I arrived at a point where I need to compare singed and unsigned values. Until now I always modified the code base to avoid this situation completely, but now I can't do that.
So what is the really proper way to handle singed and unsigned comparison? This is a mixed C/C++ code base, so my question applies to both languages.
I'm checking a resource (signed) against requested value (unsigned).
if (requested > resource.max) return Never;
if (requested > resource.free - resource.assigned) return NotNow;
return Now;
I was thinking about something like this (substitute C++ variants where applicable):
if (requested > (unsigned)INT_MAX) bail_out(); // assert,abort,throw,return....
if ((signed)requested > resource.max) return Never;
if ((signed)requested > resource.free - resource.assigned) return NotNow;
return Now;
Am I approaching this correctly, or is there some better way?

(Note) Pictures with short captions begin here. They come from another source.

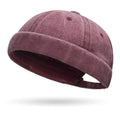 Fisherman Docker Beanie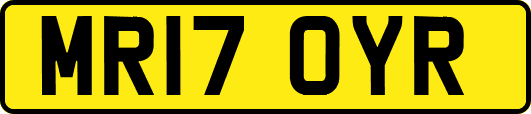 MR17OYR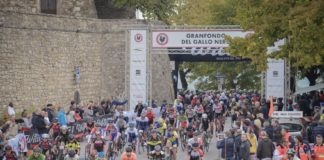 Radda in Chianti è pronta. Domenica 30 settembre la sesta Granfondo del Gallo Nero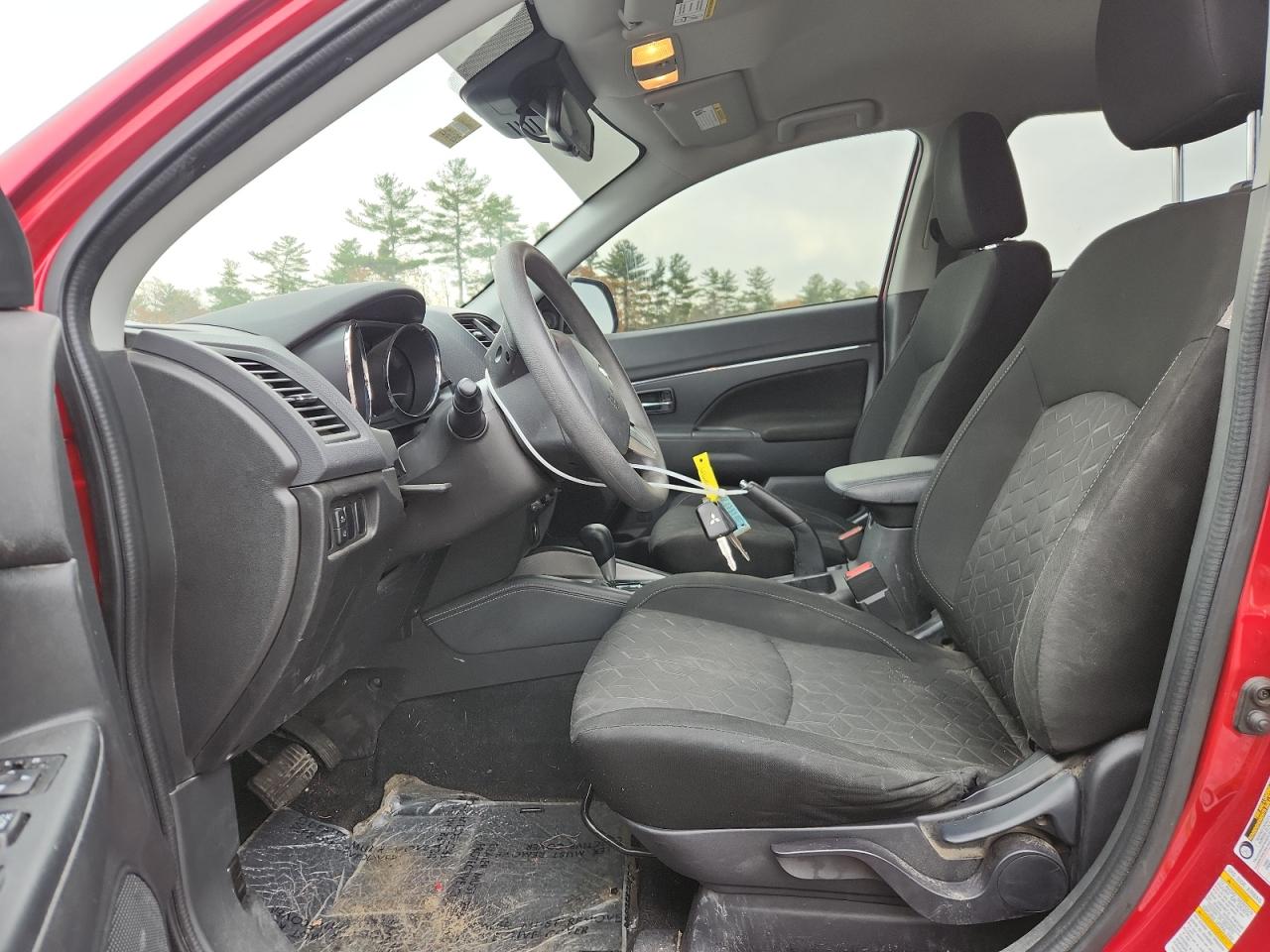 Mitsubishi Outlander Es Image 10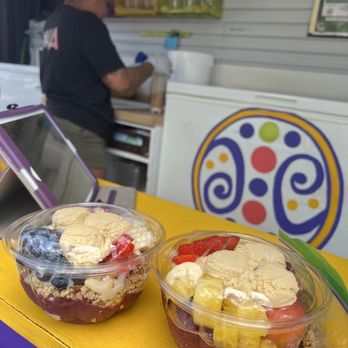 HI Cravings Mobile - Acai Bowls Near Me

You can use this one-liner code as a starting point to do it safely:
bool GreaterSignedUnsigned( unsigned int u, signed int i )
{
// calculate the result of (u > i)
// if i is nonnegative it is safe to compare 2 unsigned values,
// otherwise unsigned int is always greater
return ( i < 0 ) || ( u > static_cast<unsigned int>(i) );
}
P.S. It is a good practice to avoid mixed signed/unsigned comparisons whenever possible since additional compare and a cast can cause a performance loss.